Dentro de las mayores satisfacciones que ha encontrado con el mosaico, es el proceso de todo el trabajo artesanal que realiza, donde corta todo a mano, se pega pieza por pieza, generando emoción cada que la obra crece.

«Dejas una parte de ti en cada mosaico, cada uno es diferente, único, aunque sea la misma imagen. Cuando entrego el mosaico me gusta ver la reacción de las personas porque es algo que no se esperan».

Subraya:

«También disfruto los talleres con los niños, me encantan, es agradable verlos emocionados, queriendo pintar, pegar, y que se den cuenta que eso se quedará ahí, para siempre, es muy padre la experiencia. Los niños nos traen helado, que es muy rico, eso es divertido».

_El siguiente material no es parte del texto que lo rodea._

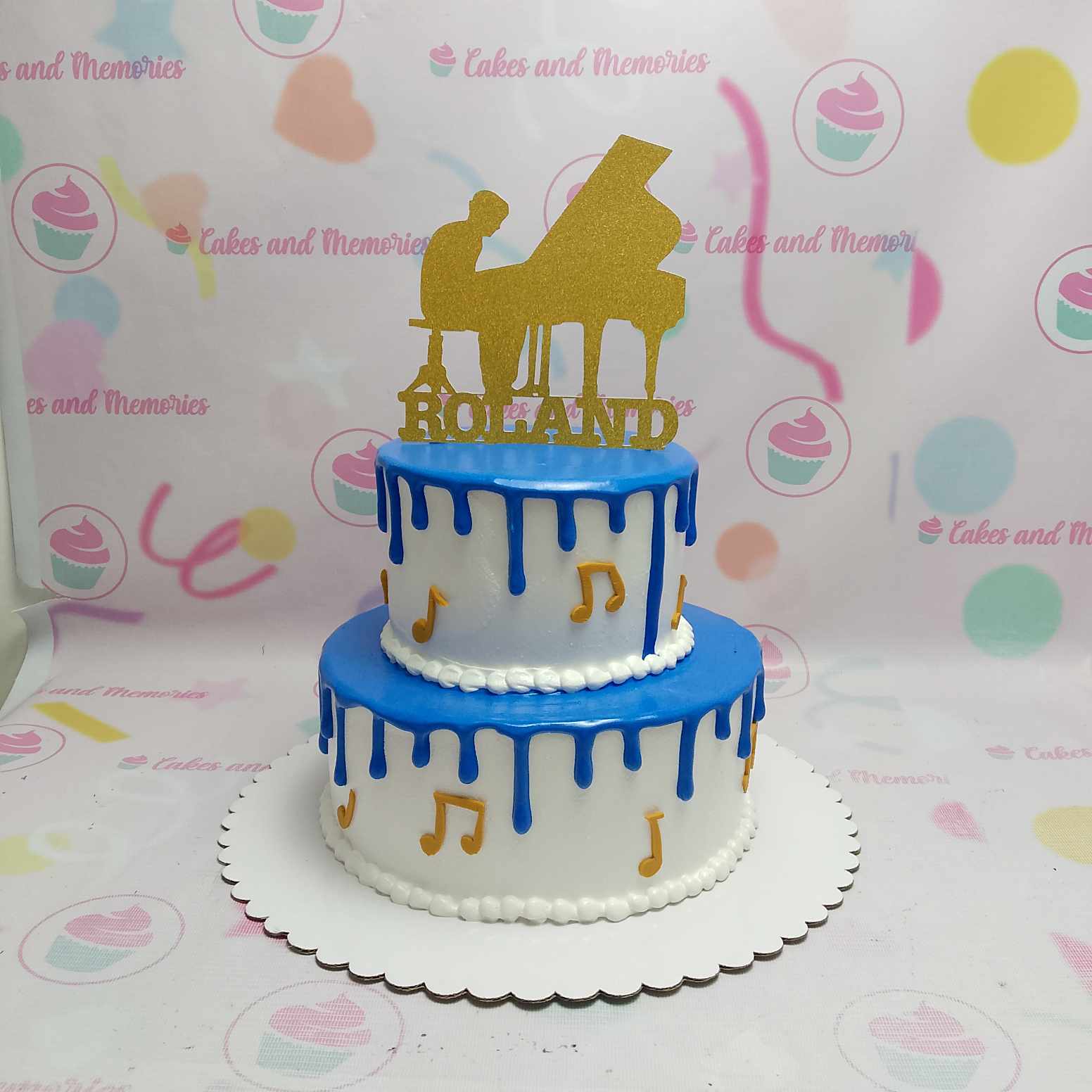 Delight in this stunning Music Cake featuring a pristine white and blue drip design, adorned with playful music notes and a grand piano motif. Topped with a sparkling gold glitter topper, this two-tiered masterpiece is perfect for celebrating birthdays in style, from college parties to elementary gatherings.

Para cerrar con la entrevista, Miriam hace un comparativo de la vida con el mosaico. «Hay que disfrutar cada momento, como cada pieza que se pone en el mosaico. Muchos materiales que utilizamos son reciclados, son pedacera, otros basura, lo recogemos y lo convertimos en arte, le damos otro uso, le damos una segunda oportunidad a las cosas, es emocionante».

 

Una metáfora de vida

Helene

«Hacer mosaico es una metáfora de la vida, cada pedacito es único, pero todos juntos crean un sentido, crean vida», expresa Hélène Rossi, amiga y compañera de Miriam en Bonjour Mosaic.

Originaria de Francia, encontró a Miriam en la escuela de Mosaico en Italia donde establecieron su amistad, posteriormente aceptó la invitación de venir a México donde decidió quedarse a vivir y trabajar en el taller.

«Me gusta México, todo, la comida, como más picante que Miriam (risas)», cuenta como carta de presentación.

Para Hélène, dedicarse al arte del mosaico fue una gran decisión de su vida, la cual necesitaba un cambio de trayectoria.

«Mi trabajo era más de oficina, me quise dedicar a otra cosa, me gusta, me siento bien, sin saberlo fui influenciada por el arte, no lo tenía claro, pero una vez que entré a la escuela vi muchas cosas de la humanidad que hicieron mosaico, son cosas que vi de pequeña, me tocó, estaba destinado. Fue difícil, pero me gustó, me gusta la aplicación que se tiene ahorita, no es cosa muerta, está en todas partes».

Agrega:

«Estaba buscando una manera de trabajar con mis manos, el mosaico me permite usar una técnica antigua que se puede usar también ahora, de una manera contemporánea».

Para la mosaiquista, la mayor satisfacción es que en cada pieza recortada y pegada deja algo de su ser, que le permite vivir en otro tiempo, porque el tiempo del mosaico no es el actual, pues va a otro ritmo.

«Hacemos mosaico que es una artesanía antigua, trabajamos con materiales naturales, piedras, mármoles, un vidrio artesanal. Hacemos pedidos personalizados por la gente, reproducción de imagen y colaboración con otros artistas y artesanos. Todo me gusta, estoy muy contenta», puntualizó.